MATERIAL FOR THIS TASK Start Marker

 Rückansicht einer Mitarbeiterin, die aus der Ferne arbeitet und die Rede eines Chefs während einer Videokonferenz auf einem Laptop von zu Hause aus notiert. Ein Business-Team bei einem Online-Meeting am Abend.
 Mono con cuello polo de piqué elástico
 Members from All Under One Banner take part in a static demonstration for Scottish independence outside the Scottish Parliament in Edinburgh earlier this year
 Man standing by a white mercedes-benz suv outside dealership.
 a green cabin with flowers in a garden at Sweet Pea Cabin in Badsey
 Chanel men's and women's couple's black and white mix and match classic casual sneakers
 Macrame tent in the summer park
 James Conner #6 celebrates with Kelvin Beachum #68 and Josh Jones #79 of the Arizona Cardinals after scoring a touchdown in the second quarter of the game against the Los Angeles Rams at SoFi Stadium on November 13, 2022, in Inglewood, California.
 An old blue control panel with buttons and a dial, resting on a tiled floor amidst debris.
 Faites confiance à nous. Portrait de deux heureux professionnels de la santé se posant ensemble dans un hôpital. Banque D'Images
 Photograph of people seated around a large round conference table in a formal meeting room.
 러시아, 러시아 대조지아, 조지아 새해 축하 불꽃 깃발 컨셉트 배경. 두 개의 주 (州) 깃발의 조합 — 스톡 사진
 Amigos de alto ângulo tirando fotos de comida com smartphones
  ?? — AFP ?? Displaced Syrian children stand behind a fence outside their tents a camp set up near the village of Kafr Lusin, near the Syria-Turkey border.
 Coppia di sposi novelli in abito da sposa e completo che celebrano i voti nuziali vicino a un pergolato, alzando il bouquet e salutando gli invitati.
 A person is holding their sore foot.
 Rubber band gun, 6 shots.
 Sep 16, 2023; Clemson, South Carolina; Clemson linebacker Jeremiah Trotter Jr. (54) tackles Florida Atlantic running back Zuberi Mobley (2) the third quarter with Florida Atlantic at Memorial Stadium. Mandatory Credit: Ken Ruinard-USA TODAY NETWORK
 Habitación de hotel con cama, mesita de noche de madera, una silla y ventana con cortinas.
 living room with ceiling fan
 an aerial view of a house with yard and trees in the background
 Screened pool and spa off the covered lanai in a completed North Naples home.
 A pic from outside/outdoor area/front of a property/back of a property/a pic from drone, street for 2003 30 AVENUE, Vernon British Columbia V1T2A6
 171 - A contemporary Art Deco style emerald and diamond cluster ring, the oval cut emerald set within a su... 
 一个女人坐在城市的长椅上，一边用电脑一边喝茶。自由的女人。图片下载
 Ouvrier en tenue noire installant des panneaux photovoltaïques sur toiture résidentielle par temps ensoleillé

MATERIAL FOR THIS TASK End Marker

- _WORK TO BE COMPLETED_
List each line in the listing that contains the string "room".

- _RESULT BELOW_
 Photograph of people seated around a large round conference table in a formal meeting room.
 living room with ceiling fan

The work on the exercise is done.